Friday, March 11, 2011

Author Insides - Francesca Borrelli

Francesca Borelli is a contemporary poet and artist. She was born in Milton Keynes to an Irish mother and Italian father and read English language and Media at the University of Brighton. Having also studied fine art, she has an extensive portfolio of paintings and one day hopes to own a gallery on the southern coast of England. Her poetry is modern in style and is mostly autobiographical, influenced by her diverse background and interests. She has been published in Monkey Kettle, a UK based literary magazine, and is aiming to have all her anthologies published in their entirety.

Francesca's poem, "Collecting Rob," appeared in the Autumn 2010 issue of The Battered Suitcase

Francesca, when did you first realize you wanted to be a writer?


Several years ago I enrolled on a creative writing course. It was a great feeling to be part of a group, all with the same aspiration but such different styles. You realize how powerful written language is and if you have the ability to use it well, you should pursue it.

Why do you write?

We experience so much from day to day, scenarios, people and places that could so easily be forgotten. For me, if I pass someone on the street that interests or intrigues me, I can write a poem about them. They’ll never know it exists, but when I read it back I can picture that person and how I felt at the time-photographs don’t always achieve that.

Is being a writer/poet anything like you imagined it would be?

I knew it would be difficult. I can go two or three weeks without producing anything, but then write five poems in one afternoon. If you expect to write something every day, it won’t always be the best quality.

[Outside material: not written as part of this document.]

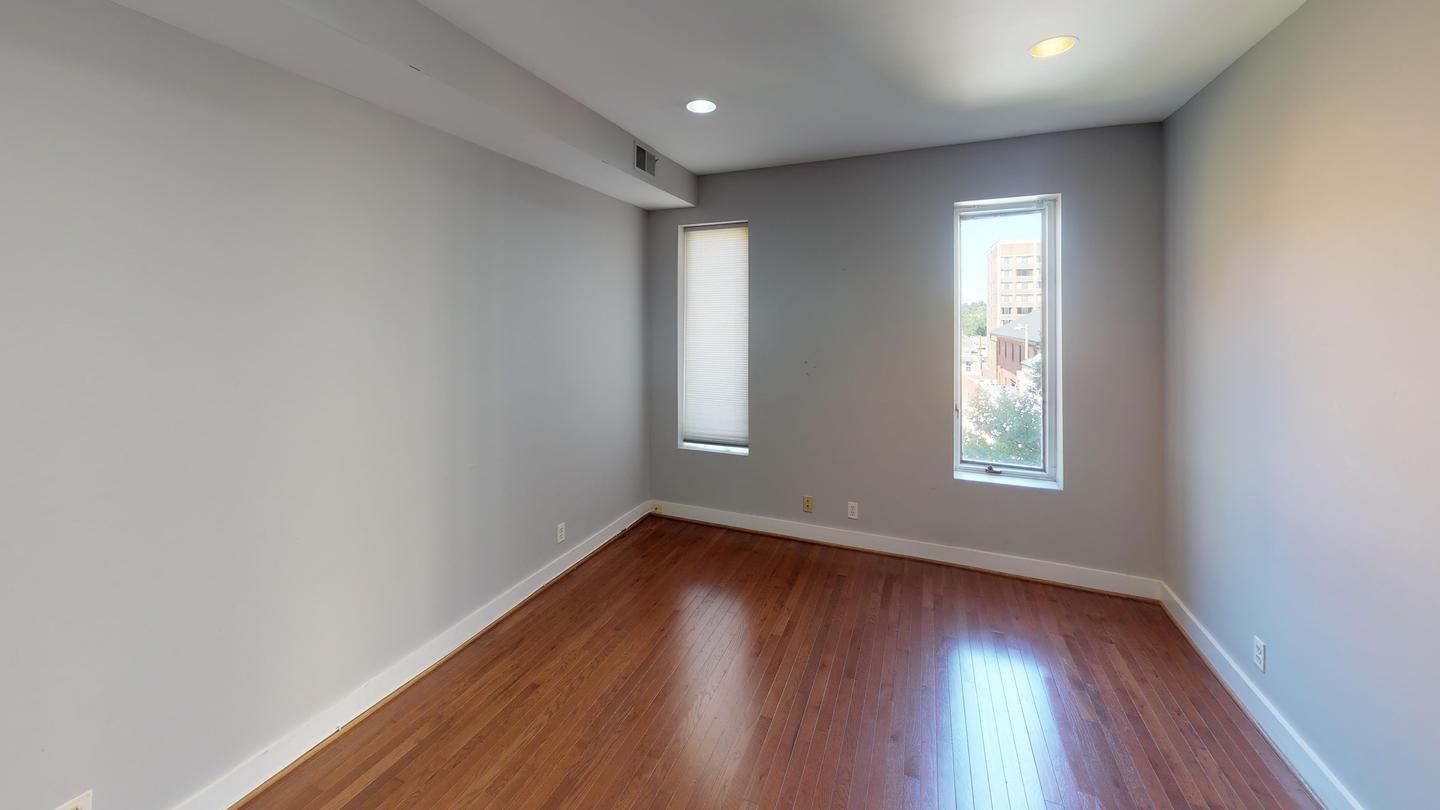 Building Photo - 1412 21st St NW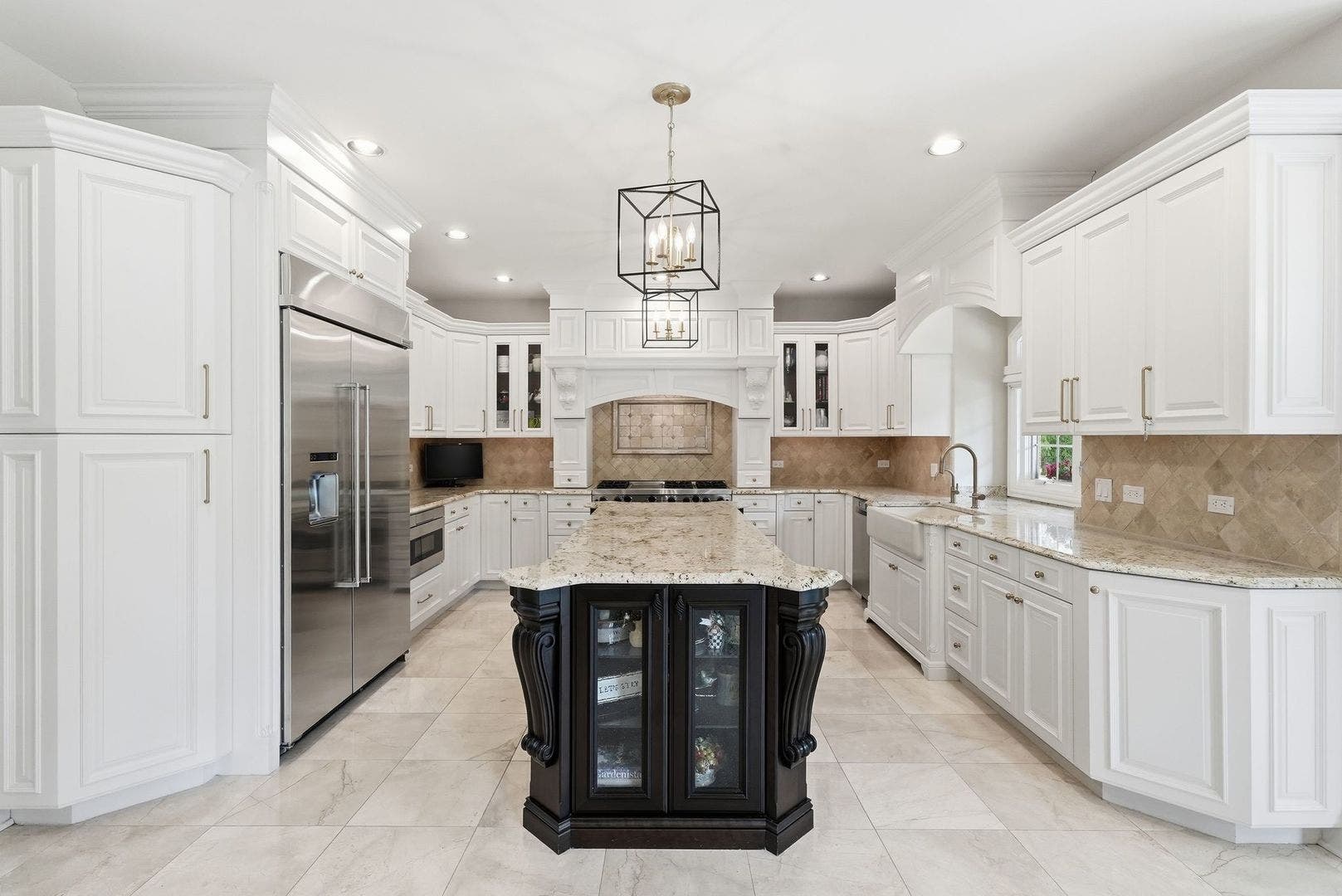 105 Forest Edge Drive, Palos Park, IL 60464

What do you think makes a good story?

The structure always determines a stories success, leading the reader at the right pace is a true talent. Showing the reader rather than telling them is also a key factor, some writers over describe but it’s good to let the reader do a lot of the work, that’s what reading is for.

What's your favorite genre to read?

I enjoy poetry obviously and also thrillers. Mary Higgins Clark captures my attention. I also love light-hearted books- Marian Keyes gets me through my holidays.

Who is your favorite author or poet?

My favourite poet is Wendy Cope. Satirical writing is extremely hard to pull off but she does it effortlessly. Maggie O’Farrell’s ‘After you’d gone’ is an amazing book; I love her description and the layers she creates.

What books or stories have most influenced you the most as a writer?

‘Making Cocoa for Kingsley Amis’ by Wendy Cope opened my mind up to poetry. She proves it doesn’t have to follow the stereotypes of nature and love. Poetry can be about anything, it’s a very versatile form.

What books or stories have most influenced you as a person?

‘Tully’ by Paulina Simons is an unbelievable book. It is so intense and emotionally draining but I could read it over and over again; an amazing plot.

Where/how do you find the most inspiration?

I tend to write a lot on train journeys- moving at such a fast pace must kick my brain into gear! The streets of Brighton always spark ideas; everywhere you turn there are different colours, textures and smells (plus the sea air is always beneficial).

What does your family think of your writing?

They must find it unusual when they read my work as I’m not a very open person and writing is a very personal process. They aren’t my most frequent readers, maybe because a lot of my poems feature them!

What is your work schedule like when you're writing?

I’m not a full time writer, so in between work I write as much as possible. I write about things that happen in my life so if all I did was write I’d have no content!

Do you have any writing quirks or rituals?

In my last house I had a huge bay window that my desk sat in. That’s where I would do all my editing. Now that I’ve moved I’m yet to find a more suitable place. Other than that I don’t have many quirks, apart from a good pen, my usual note pad and lots of tea.

Is there anything you find particularly challenging in your writing?

Trying not to repeat myself. It’s important to keep things fresh for both yourself and your readers.

What are your current projects?

I’ve almost finished my second book entitled ‘Beyond September’. It’s slightly darker than my first but still includes a lot of autobiographical poetry. I’ve been working on it for over a year now but it’s nearly there.

What are you planning for future projects?

I would love to write a short collection about a relationship. Whether fictional or non-fictional-I haven’t decided yet.

Do you have any advice for other writers?

Read what you write. It’s amazing how reading other peoples work can determine your own style because you identify the aspects you like and dislike which ultimately shapes what you do when writing yourself. Also remember that editors are just people. If they don’t like a piece, it’s just one opinion out of billions-believe in what you write.

Where else can we find your work?

I’ve been published in ‘Monkey Kettle’, a UK based literary magazine and am waiting to hear back from several other publications.